Мама надеялась, что Шура поступит в Университет, станет «дипломированно» образованным человеком. Шура — в трех тысячах километров от Баку — мамину надежду не сокрушал, но в Университет поступать не собирался. Его уже печатали, он подписывался псевдонимом «Алазэ» (Александр Лазебников). В нем проявились задатки хорошего журналиста, и он, действительно, спустя несколько лет стал заместителем заведующего отделом газеты «Комсомольская правда». Его ждала судьба многих крупных журналистов: в 37 году он был арестован вместе со всей редакционной коллегией своей газеты, обвинен в шпионаже, отправлен в концентрационный лагерь. Он провел там девятнадцать лет и вышел на свободу, реабилитированный, уже после смерти Сталина. Нашему Шуре повезло: он остался жив.
Итак, родители отправились в Москву, где отец поступил на службу в управление «Главнефть». Я осталась в Баку — доучиваться, заканчивать школу. Бакинская жизнь текла размеренно, скучно, провинциально. Возможно, какие-то страсти — политические, экономические — и были присущи ей, но я находилась далеко от тех сфер, где температура подымалась выше нормы.

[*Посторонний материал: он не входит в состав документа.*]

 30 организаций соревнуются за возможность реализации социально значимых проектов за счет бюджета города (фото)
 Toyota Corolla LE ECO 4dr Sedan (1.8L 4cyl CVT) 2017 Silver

Поэтому вдвойне крупным событием для нас — школьниц, школьников — стал приезд в Баку трех известных московских поэтов: Иосифа Уткина, Александра Безыменского и Александра Жарова. Все трое назывались «комсомольскими поэтами», все трое были молоды, пользовались огромной по тем временам популярностью. Все трое, кстати сказать, были евреи. Уткин, автор знаменитой «Поэмы о Рыжем Мотеле», посвященной Троцкому, погиб во время Второй мировой войны в авиационной катастрофе. Он был талантлив — несравненно талантливей, во всяком случае, Жарова и Безыменского. А эта пара уцелела ценой предательства собственных юношеских розовых идеалов. Жаров писал подписи к агитплакатам, Безыменский, который до самой смерти по мере сил стриг купоны с прошлого, заслужил такую эпиграмму, сочиненную его же коллегами-поэтами:
Волосы дыбом,
Зубы торчком,
Старый дурак
С комсомольским значком.
Так что судьба Иосифа Уткина сложилась не так уж и плохо: не погибни он на фронте, ему пришлось бы либо сидеть в лагере, либо вести жалкую и подленькую жизнь «вечно юных комсомольских поэтов» Безыменского и Жарова.

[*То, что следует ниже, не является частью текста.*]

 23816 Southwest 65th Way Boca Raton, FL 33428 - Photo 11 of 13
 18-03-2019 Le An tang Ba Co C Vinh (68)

В 27 году, естественно, речи об этом не было. Просто приехали московские поэты — и все. О билетах на поэтический вечер нечего было и мечтать: они были проданы, перепроданы, розданы, распределены. Понимая несбыточность надежд по части билетов, я и две мои подружки сидели на скамейке приморского бульвара. На соседней скамейке устроился молодой мужчина с блокнотом для набросков и карандашом в руках. Мне показалось, что он рисует меня, и я, выросшая на мусульманском Востоке, поднялась со скамейки, чтобы уйти,
— Постой, — сказала одна из моих подруг, останавливая меня, — это же Ротов!

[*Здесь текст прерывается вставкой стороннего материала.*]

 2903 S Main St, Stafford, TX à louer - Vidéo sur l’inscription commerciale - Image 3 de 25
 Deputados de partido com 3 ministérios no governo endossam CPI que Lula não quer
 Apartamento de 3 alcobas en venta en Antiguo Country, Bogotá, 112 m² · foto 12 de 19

Художник Константин Ротов приехал из Москвы вместе с поэтами. Он подошел к нам и попросил меня ему попозировать.
— Посиди, пожалуйста, спокойно, девочка, — сказал Ротов, — и я дам тебе пропуск на сегодняшний вечер.
Видя умоляющий взгляд моих подруг, я сказала ему:
— Ладно. Но мне надо три билета: нас трое.
Вечером, сидя на ступеньках в переполненном зале, мы слушали стихи, рассказы Уткина о его визите к Горькому на Капри.